AI safety
Is AI Coding Safe for Teens?
AI coding can be safe for teens when the parent owns the accounts, the project is narrow, and the teen is judged by explanation and testing.
AI coding can be safe for teens when the structure is adult-owned and project-limited. The unsafe version is a teen wandering across tools, accounts, public sharing, private data, and payments without a parent boundary.
For parents of teens 13 to 18, AI coding should not be judged by how advanced the output looks. It should be judged by whether the teen can explain the app, test it, revise it, and point to one small working result.
Keep accounts adult-owned
A teen can direct the work without owning every account. The parent should own billing, publishing, payment, and identity-sensitive accounts. That keeps the learning real without handing risk to the teen.

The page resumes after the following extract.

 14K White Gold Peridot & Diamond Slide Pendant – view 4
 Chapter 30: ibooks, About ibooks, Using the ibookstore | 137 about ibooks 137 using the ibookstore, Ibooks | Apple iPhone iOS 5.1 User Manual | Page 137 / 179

Choose projects that do not need sensitive data
The safest first app does not need addresses, school records, private messages, health information, payments, or a public user base. It should solve one familiar problem with low risk.
- A homework planner
- A practice tracker
- A simple quiz
- A club page
- A family link organizer
Inspect AI output before trusting it
AI can return broken code, confusing instructions, or confident wrong answers. That is why the teen should test the app and the parent should ask what broke and what changed.
Safe-start checklist
Before a teen starts, the parent should be able to answer these questions.
- Who owns the account
- Does the first app avoid private data
- Does the project avoid payments and public user contact
- Can the parent inspect the app before continuing
- Does the teen know what they are allowed to share
What to avoid
A parent should be careful when a program makes AI feel impressive while making the teen less responsible for the result.
- Unsupervised public posting
- Private data in prompts
- Payment setup owned by the teen
- Large public apps as the first project
- Programs that hide account and safety boundaries
Where Wright fits
Wright is built around parent ownership and a small first build. The teen directs AI toward one app, while the parent inspects the result before deciding whether to keep the membership.
Wright is for parents of teens 13 to 18. The teen directs AI toward one small app. The parent inspects it before day 15. The trial is 14 days, card required, $0 today. If kept, Wright continues at $97/month after day 14.
Common questions
Is AI coding safe for teens?
It can be safe when a parent controls accounts, avoids private data, keeps the first project narrow, and inspects what the teen built.
Should my teen use AI without supervision?
No. The parent should own accounts, set boundaries, and inspect the first build. The teen can direct the product without owning the risk.
What is a safe first AI coding project?
A safe first project is a small planner, tracker, quiz, link organizer, or simple page that does not require private data or contacting strangers.